We’re like that movie The Grifters. Except we’re not shitty.
Andy: Because I think that’s the only way I could get into the show.
Drake: It’s basic cable.
Andy: Like there’s an episode with a Bernie Madoff-like guy, and they cut his face off. Then they take his family, and bury them alive. But right before they die, they dig them up. Nurse them back to health. And then bury them again.
Drake: See suddenly, we’re really moving away from primetime TV and into Bernie Madoff torture porn. Which might actually sell.
Andy: It’s the only vicarious anti-corporate TV I could stand to watch.
Aaaaaaaaay, Mr. and Mrs. C, it’s me Ponzi!
Drake: Well Ok. But for anybody reading this…ask yourself:
Andy: Like, another episode, they’d just poison the cafeteria at the NY Stock Exchange
Drake: Are you somewhat less inclined to bury people alive than Andy?
Drake: If you answered yes, you might enjoy this show. Though I think you could make a string of internet videos here, Andy. People would watch that.

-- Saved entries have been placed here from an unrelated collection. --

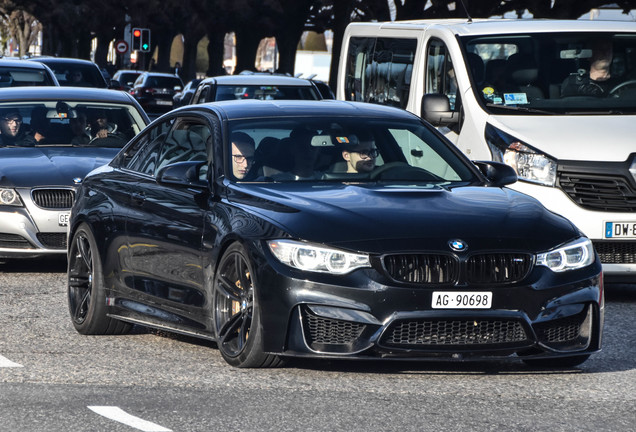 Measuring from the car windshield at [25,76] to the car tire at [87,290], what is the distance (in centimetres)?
1307

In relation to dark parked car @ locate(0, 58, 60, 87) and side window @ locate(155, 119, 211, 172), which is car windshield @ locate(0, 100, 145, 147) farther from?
dark parked car @ locate(0, 58, 60, 87)

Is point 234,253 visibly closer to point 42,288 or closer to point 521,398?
point 521,398

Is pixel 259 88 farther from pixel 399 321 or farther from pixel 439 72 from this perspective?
pixel 399 321

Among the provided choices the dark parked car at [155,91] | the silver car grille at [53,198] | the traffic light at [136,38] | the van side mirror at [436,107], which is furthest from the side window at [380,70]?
the traffic light at [136,38]

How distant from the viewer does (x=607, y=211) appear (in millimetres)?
10656

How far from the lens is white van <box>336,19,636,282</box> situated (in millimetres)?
10688

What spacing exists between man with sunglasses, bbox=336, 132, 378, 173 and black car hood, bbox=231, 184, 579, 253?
32cm

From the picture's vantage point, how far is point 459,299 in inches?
277

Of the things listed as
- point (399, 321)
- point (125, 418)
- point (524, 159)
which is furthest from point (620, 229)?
point (125, 418)

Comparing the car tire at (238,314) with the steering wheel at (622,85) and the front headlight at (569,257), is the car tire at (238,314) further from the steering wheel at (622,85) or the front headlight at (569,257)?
the steering wheel at (622,85)

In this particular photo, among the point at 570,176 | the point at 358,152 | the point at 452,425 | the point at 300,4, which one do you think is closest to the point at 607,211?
the point at 570,176

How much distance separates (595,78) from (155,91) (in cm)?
4172

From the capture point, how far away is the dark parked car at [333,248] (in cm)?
705

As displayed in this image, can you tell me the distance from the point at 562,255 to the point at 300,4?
59535 mm
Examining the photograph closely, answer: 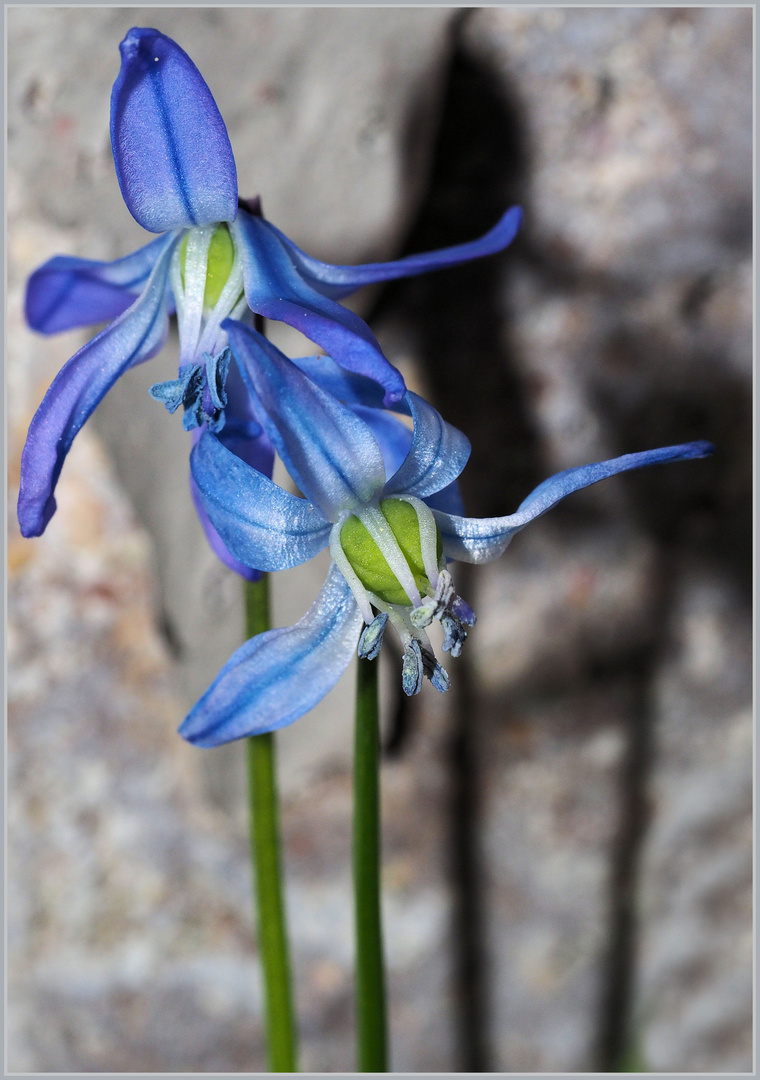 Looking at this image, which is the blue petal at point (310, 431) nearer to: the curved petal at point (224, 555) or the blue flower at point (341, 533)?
the blue flower at point (341, 533)

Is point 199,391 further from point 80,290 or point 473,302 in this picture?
point 473,302

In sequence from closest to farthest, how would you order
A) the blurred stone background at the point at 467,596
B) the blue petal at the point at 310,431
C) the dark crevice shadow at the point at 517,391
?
1. the blue petal at the point at 310,431
2. the blurred stone background at the point at 467,596
3. the dark crevice shadow at the point at 517,391

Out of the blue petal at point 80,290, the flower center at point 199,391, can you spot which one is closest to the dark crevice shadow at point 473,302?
the blue petal at point 80,290

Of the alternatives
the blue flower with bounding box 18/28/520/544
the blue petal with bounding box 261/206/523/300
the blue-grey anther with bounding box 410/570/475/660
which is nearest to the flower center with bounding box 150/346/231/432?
the blue flower with bounding box 18/28/520/544

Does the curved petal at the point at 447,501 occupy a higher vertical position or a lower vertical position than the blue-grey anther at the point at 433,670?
higher

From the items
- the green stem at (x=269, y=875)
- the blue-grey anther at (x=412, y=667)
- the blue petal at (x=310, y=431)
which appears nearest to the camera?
the blue petal at (x=310, y=431)

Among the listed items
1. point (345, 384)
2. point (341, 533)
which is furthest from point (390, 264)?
point (341, 533) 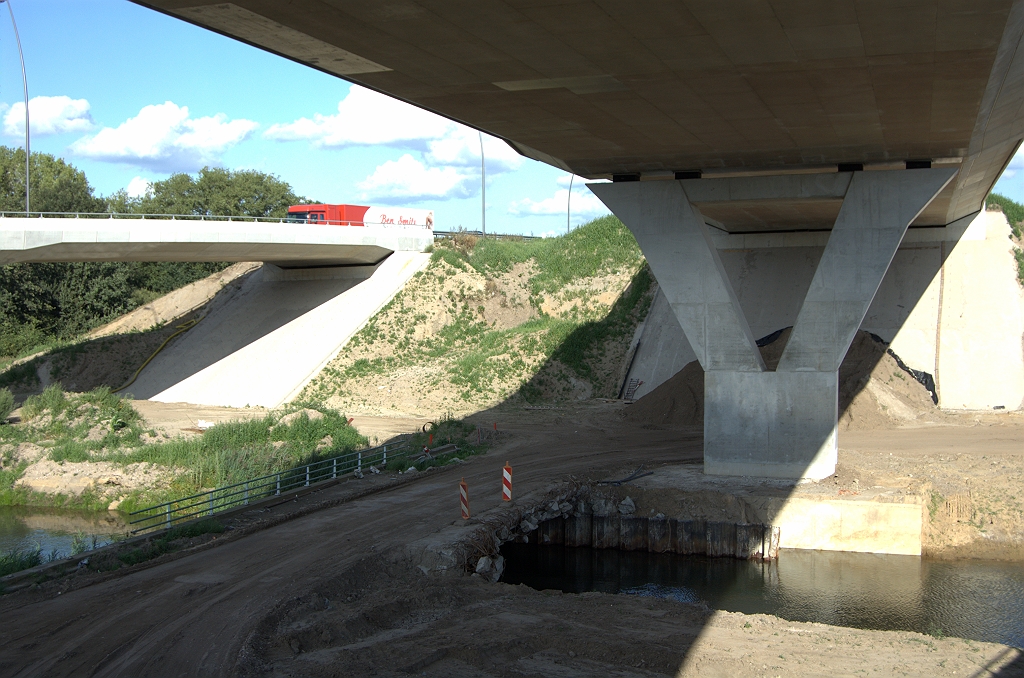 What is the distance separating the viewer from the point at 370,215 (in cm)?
5309

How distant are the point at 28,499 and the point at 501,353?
20.6 meters

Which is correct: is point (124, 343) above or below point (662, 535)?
above

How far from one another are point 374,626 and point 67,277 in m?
47.7

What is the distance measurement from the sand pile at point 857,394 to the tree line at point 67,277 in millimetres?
31054

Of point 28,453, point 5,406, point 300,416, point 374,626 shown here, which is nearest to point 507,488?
point 374,626

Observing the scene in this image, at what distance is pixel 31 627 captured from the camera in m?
13.2

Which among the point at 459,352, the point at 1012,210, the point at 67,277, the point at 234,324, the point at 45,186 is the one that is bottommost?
the point at 459,352

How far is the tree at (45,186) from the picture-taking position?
57.8 m

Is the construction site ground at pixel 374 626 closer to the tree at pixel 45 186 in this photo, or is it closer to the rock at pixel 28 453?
the rock at pixel 28 453

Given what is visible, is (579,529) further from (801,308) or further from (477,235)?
(477,235)

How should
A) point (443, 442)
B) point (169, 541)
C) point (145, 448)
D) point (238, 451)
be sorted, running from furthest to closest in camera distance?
point (443, 442) < point (145, 448) < point (238, 451) < point (169, 541)

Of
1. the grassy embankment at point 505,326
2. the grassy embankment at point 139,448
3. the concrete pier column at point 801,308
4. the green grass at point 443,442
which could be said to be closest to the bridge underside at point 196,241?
the grassy embankment at point 505,326

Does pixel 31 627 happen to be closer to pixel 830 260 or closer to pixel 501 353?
pixel 830 260

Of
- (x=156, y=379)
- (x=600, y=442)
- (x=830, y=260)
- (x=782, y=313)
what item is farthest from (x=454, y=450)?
(x=156, y=379) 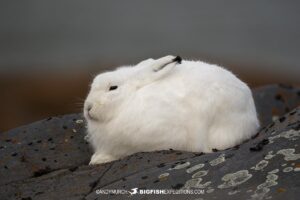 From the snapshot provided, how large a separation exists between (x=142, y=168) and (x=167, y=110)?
0.60 m

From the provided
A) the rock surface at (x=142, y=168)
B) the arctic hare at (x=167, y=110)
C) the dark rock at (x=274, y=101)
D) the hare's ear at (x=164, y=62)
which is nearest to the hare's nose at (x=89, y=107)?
the arctic hare at (x=167, y=110)

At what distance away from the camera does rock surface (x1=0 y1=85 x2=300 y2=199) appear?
12.2 ft

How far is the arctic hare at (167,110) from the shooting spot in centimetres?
491

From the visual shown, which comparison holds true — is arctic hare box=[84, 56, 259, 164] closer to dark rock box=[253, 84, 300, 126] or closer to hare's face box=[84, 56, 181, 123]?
hare's face box=[84, 56, 181, 123]

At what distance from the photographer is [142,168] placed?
4477mm

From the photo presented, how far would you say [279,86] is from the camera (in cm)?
715

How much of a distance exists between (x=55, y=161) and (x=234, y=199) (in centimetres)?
216

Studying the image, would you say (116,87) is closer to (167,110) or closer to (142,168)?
(167,110)

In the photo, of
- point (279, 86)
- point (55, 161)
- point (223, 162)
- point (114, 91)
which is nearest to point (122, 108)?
point (114, 91)

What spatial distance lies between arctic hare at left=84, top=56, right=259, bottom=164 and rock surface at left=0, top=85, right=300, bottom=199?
220 millimetres

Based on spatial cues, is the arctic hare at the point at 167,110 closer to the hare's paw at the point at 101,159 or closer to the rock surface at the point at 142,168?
the hare's paw at the point at 101,159

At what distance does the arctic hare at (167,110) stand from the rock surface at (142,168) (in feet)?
0.72

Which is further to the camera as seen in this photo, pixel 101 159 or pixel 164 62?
pixel 164 62

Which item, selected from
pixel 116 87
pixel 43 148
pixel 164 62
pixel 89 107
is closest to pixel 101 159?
pixel 89 107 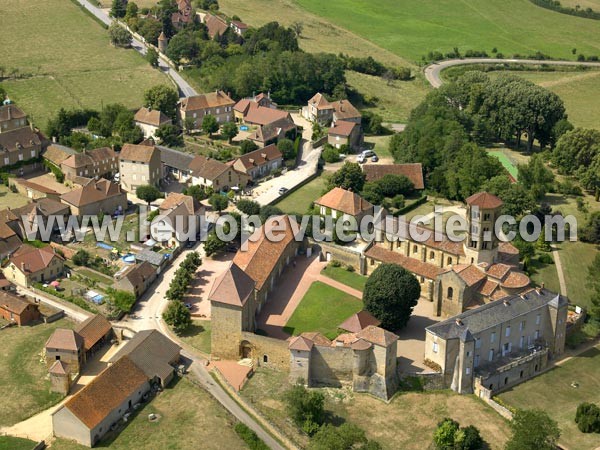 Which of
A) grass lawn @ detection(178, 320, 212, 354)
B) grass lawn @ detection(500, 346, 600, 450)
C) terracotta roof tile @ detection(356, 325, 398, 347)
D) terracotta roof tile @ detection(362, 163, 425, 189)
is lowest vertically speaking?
grass lawn @ detection(500, 346, 600, 450)

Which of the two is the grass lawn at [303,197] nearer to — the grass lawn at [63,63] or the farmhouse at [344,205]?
the farmhouse at [344,205]

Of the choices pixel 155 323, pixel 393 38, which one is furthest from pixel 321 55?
pixel 155 323

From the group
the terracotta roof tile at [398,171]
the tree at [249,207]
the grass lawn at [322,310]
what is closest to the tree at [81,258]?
the tree at [249,207]

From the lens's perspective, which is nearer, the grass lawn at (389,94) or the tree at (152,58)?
the grass lawn at (389,94)

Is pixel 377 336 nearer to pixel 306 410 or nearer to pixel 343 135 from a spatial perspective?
pixel 306 410

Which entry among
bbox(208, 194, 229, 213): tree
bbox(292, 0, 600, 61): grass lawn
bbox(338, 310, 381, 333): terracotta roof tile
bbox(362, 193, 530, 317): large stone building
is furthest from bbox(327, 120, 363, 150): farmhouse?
bbox(292, 0, 600, 61): grass lawn

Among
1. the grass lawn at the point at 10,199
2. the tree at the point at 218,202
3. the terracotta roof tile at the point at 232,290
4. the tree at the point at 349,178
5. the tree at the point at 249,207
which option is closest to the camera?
the terracotta roof tile at the point at 232,290

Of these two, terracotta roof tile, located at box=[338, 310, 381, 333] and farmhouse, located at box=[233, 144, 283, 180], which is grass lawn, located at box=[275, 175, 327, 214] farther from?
terracotta roof tile, located at box=[338, 310, 381, 333] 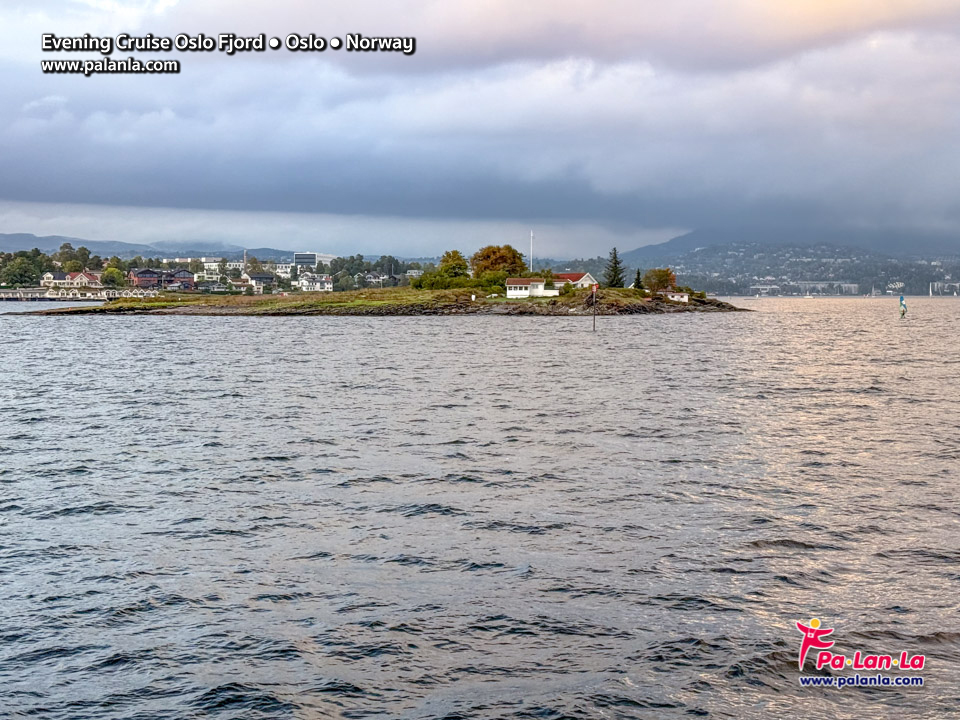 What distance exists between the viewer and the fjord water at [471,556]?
13633mm

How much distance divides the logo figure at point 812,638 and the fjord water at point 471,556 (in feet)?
0.68

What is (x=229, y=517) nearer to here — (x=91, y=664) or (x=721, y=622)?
(x=91, y=664)

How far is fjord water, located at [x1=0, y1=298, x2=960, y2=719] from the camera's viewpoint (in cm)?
1363

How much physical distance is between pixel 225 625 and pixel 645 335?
109m

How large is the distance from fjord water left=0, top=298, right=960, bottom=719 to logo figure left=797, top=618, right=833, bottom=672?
0.21 meters

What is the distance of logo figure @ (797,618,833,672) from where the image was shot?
584 inches

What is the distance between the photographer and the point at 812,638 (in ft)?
49.9

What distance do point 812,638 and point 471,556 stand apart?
7.61 meters

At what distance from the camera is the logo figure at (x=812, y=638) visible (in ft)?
48.7

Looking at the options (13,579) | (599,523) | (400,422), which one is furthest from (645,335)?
(13,579)

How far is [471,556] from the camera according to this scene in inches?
784

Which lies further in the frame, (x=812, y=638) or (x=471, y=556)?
(x=471, y=556)

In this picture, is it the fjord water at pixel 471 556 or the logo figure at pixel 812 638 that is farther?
the logo figure at pixel 812 638

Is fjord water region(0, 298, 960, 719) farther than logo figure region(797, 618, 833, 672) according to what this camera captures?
No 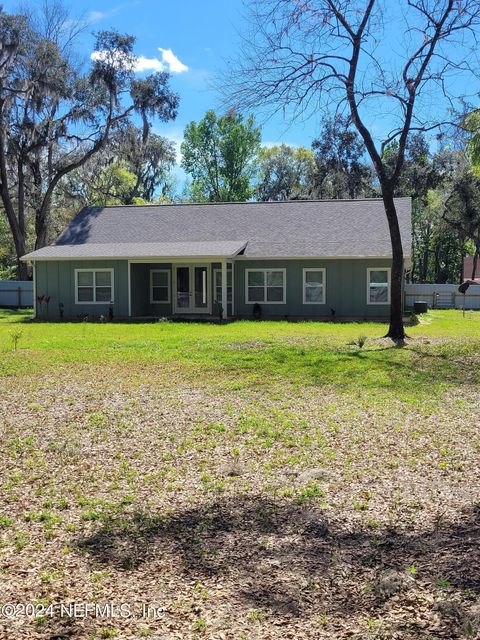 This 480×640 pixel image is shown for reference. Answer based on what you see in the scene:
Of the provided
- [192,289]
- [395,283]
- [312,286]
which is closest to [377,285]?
[312,286]

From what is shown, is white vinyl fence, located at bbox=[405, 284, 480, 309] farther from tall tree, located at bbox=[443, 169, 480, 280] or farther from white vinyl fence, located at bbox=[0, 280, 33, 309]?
white vinyl fence, located at bbox=[0, 280, 33, 309]

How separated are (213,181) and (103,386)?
1851 inches

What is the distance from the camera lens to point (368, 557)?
361 cm

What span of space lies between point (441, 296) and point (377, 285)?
10.3m

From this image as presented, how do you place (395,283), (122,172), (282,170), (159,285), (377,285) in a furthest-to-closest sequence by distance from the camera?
(282,170) → (122,172) → (159,285) → (377,285) → (395,283)

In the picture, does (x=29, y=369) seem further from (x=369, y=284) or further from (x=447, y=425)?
(x=369, y=284)

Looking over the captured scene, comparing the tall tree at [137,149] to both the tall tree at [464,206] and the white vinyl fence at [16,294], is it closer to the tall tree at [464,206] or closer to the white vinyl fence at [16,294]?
the white vinyl fence at [16,294]

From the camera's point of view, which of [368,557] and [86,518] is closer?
[368,557]

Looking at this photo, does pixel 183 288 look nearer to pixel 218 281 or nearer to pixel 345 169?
pixel 218 281

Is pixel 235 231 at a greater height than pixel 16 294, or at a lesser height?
greater

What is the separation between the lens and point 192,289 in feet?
78.4

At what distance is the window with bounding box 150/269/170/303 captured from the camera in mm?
24297

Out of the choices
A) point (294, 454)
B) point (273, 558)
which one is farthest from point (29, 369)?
point (273, 558)

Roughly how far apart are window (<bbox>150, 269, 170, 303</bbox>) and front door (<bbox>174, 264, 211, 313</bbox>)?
39 centimetres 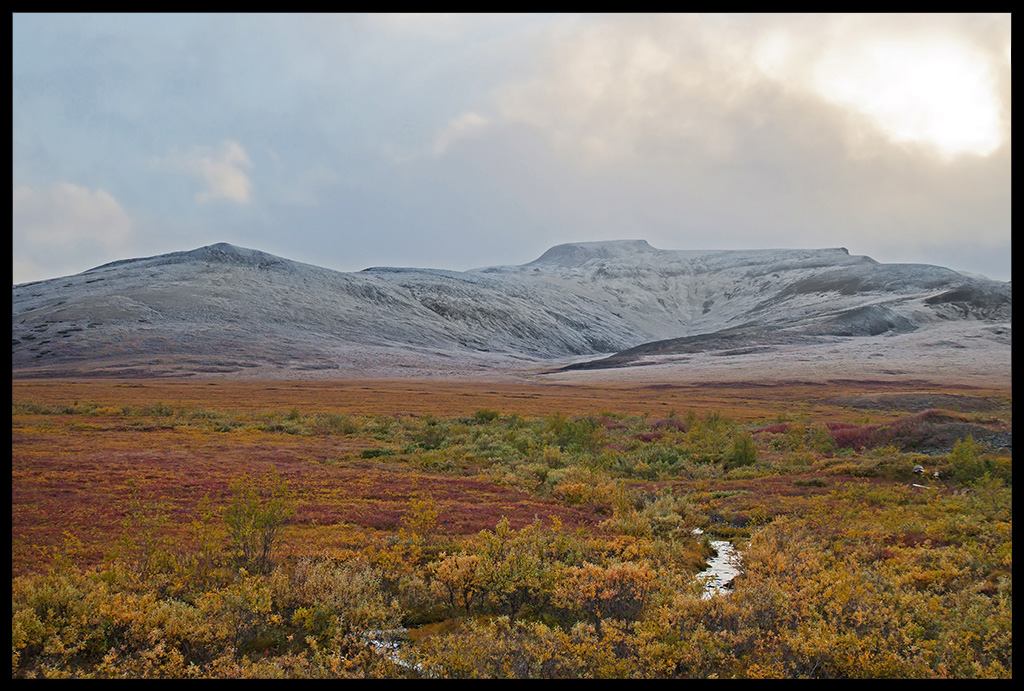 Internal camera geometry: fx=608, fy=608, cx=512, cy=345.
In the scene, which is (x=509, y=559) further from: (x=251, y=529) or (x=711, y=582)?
(x=251, y=529)

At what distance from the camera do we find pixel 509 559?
9.54 metres

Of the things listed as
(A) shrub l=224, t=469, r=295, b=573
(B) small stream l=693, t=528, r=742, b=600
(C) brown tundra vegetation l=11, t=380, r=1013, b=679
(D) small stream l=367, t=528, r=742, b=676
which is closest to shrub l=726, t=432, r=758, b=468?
(C) brown tundra vegetation l=11, t=380, r=1013, b=679

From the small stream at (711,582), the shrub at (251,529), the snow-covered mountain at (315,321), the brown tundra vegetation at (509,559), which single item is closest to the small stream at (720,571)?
the small stream at (711,582)

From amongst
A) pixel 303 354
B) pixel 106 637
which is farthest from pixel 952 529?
pixel 303 354

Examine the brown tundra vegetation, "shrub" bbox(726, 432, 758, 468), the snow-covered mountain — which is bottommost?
"shrub" bbox(726, 432, 758, 468)

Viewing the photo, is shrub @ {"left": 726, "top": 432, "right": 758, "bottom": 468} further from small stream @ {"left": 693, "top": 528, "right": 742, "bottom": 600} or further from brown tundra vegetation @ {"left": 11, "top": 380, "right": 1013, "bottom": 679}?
small stream @ {"left": 693, "top": 528, "right": 742, "bottom": 600}

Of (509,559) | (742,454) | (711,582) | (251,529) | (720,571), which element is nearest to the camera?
(509,559)

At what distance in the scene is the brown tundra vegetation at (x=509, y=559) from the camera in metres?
7.01

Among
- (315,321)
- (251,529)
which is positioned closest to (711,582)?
(251,529)

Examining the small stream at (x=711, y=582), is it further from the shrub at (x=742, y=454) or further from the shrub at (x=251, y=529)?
the shrub at (x=742, y=454)

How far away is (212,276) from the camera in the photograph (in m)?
165

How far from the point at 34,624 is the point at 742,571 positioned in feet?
35.6

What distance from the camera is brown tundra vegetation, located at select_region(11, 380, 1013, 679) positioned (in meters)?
7.01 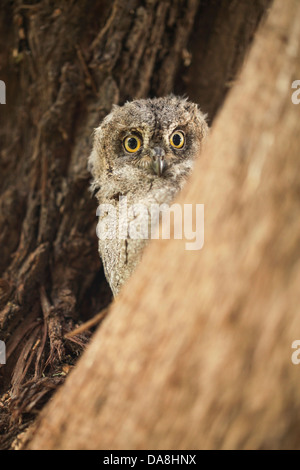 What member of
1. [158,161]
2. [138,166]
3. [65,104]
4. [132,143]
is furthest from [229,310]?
[65,104]

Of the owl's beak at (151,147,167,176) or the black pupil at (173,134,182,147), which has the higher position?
the black pupil at (173,134,182,147)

Andy: I should pitch this. “It’s like Dexter meets Leverage“.
Drake: Wow. Sold. That’s officially the next bubble. Maybe Wall Street could invest in that. What are you going to call it?
Andy: Blood Money.
Drake: Whoa. That just markets itself.
Andy: If only I had the clout or connections to actually pitch this.
Drake: If only…You could always pitch it to the higher ups at the Lampoon.
Andy: Don’t they just make teen movies? And not torture-fantasies for frustrated leftists?
Drake: Do teens not like Wall Street torture sagas? I’m going to need to see some numbers on that.
Andy: I will go take a survey. I will stand outside of the high school near my apartment and ask questions.
Drake: I see no way this could end poorly.
Andy: While wearing a sandwich board that says, “Not a Pedo”.
Drake: That board is key. It’s a little something lawyer folks call indemnity.
Andy: In a hilarious mix-up, some paint will cover up the “Not”, and I will get arrested.
Andy: Anyway, enough of the set up for me to be murdered in a holding cell, let’s talk tofurkey.
Drake: Ok?
Andy: I’m dying in these weeks without new shows.
Drake: That’s certainly true.
Andy: There’s The IT Crowd and I’ve been going back over Venture Bros. Season 2.
Drake: Now see, that’s a great show. I see nothing wrong with that.
Andy: Yeah, I love The Venture Bros. Although their narratives can get a little incoherent (though not in a good way). I was listening to one of the commentaries, and they were talking about how they want to fit in as much as possible. And I’m totally down with that, but there’s a way to do that without having to sacrifice story.
Andy: See 30 Rock.
Drake: Yeah. But the nature of the show is a little obscure, so that doesn’t bother me so much. It’s does sacrifice continuity for random one liners.
Andy: Sometimes they just sacrifice the story itself.
Drake: Sure.
Andy: Which part of me really appreciates.
Drake: Like the yardsale episode, that clearly just doesn’t make any sense and they decided to go off and talk about Depeche Mode for a while. But hey, whatever.
Andy: I can’t remember that episode real well. But I have another example.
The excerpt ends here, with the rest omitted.